31% more meaningless: Because algorithms

« previous post | next post »

In "Whom loves ya?", 2/12/2014, Geoff Pullum riffed on one of the outcomes of  "a large-scale statistical study of what correlates with numbers of responses to online dating ads", namely that "men who use 'whom' get 31% more contacts from opposite-sex respondents".

It suited Geoff's rhetorical purposes to take this number at face value, but I wondered about where it really comes from, and what if anything it means.

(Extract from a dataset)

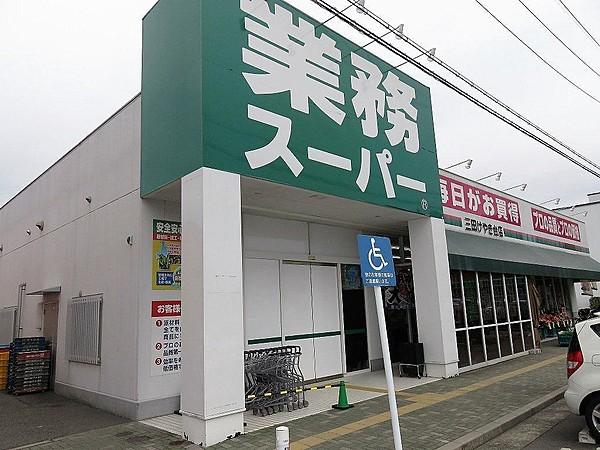 【周辺】業務スーパー三田けやき台店　約1400ｍ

That "large-scale statistical study" was reported in just one place: Caitlin Roper, "How to Create the Perfect Online Dating Profile, in 25 Infographics", Wired 2/3/14. Here's what we learn about the design of the study:

Here at WIRED, we couldn’t help but think there might be a better way to optimize your chances, so we pulled massive amounts of data from OkCupid and Match.com, searching for tips that might help you master Internet dating and find someone awesome.

Call it the algorithm method: Working with data crunchers at the dating sites, we put together 25 tips for writing the perfect profile, selecting the right photo, and really understanding your audience. We analyzed the 1,000 most popular words on both men and women’s profiles, tabulated the most popular movies and TV shows, and crunched stats on what people consider their best feature vs. what features their potential dates are attracted to.

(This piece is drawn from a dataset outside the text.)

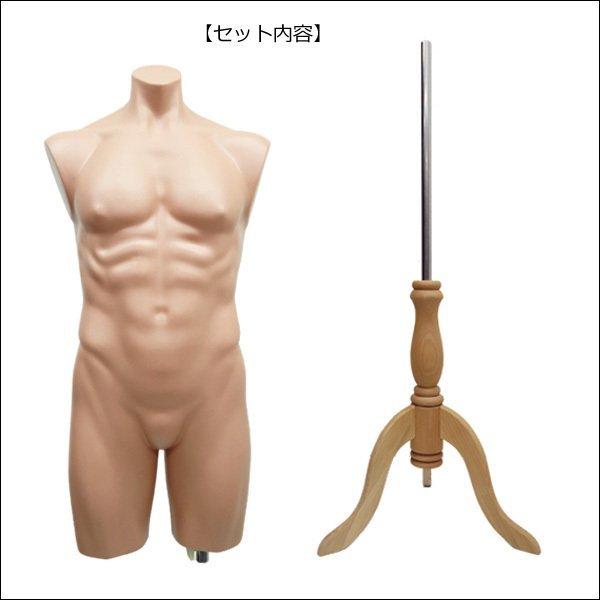 男性 リアルボディーマネキン 猫脚ナチュラル ハーフマネキン メンズトルソー ユニフォーム スポーツウェア ディスプレイ (908) |  | 07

The "algorithm method"? Even Science magazine wouldn't accept that description as an appropriate Methods section.  Ms. Roper does tell us more:

We couldn’t have done any of this without the help of the data maestros at Match and OkCupid: Christian Rudder, cofounder and president of OkCupid, and Jim Talbott, director of consumer insights at Match.com. These guys and their data teams ran queries of all kinds and pulled spreadsheet after spreadsheet of information to try and answer our strange questions. We also needed OkCupid to get permission from their users to enable us to publish those popular profile pics. In short, we couldn’t have scraped all this data and derived this advice without the help of these talented data crunchers who are as dedicated to data analysis as we are.

But this is equally empty. Here's the infographic illustrating what Roper calls "One of the clearest findings: Higher-brow preferences make you sexier":

We don't learn the overall size of the samples of profiles and raters;  or how the "attractiveness ratings" were calculated; or what the relationship was between the number of profiles mentioning a movie or series and the (average?) attractiveness rating of those profiles; or what the error bars on the attractiveness ratings were. The oddest thing about this "result" is the interpretation in terms of brow height: In what universe is Homeland highbrow and Dr. Who lowbrow?

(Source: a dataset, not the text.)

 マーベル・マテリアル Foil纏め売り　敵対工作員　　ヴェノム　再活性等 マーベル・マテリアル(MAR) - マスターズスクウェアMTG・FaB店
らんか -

The core numerical analysis is much more puzzling — the lead infographic is a chart that "shows 380 of the top 1000 most commonly used words in profiles on OkCupid.", where "the color-coding shows the average attractiveness rating of the people using those words":

But the choice can't have been simply "the top 1000 most commonly used words in profiles on OkCupid", since that list would have been dominated by things like "the" and "of".  And in fact this is not a list of "words" at all, since it includes phrases like "the ocean", "on the beach", "work out", and "trying new things". So maybe they have a method for finding significant collocations? Or maybe someone just skimmed a bunch of profiles and wrote down a list of words and phrases that caught their eye? And then maybe combined item frequency with subject's attractiveness ratings, or with some quantity derived from number of responses, or …?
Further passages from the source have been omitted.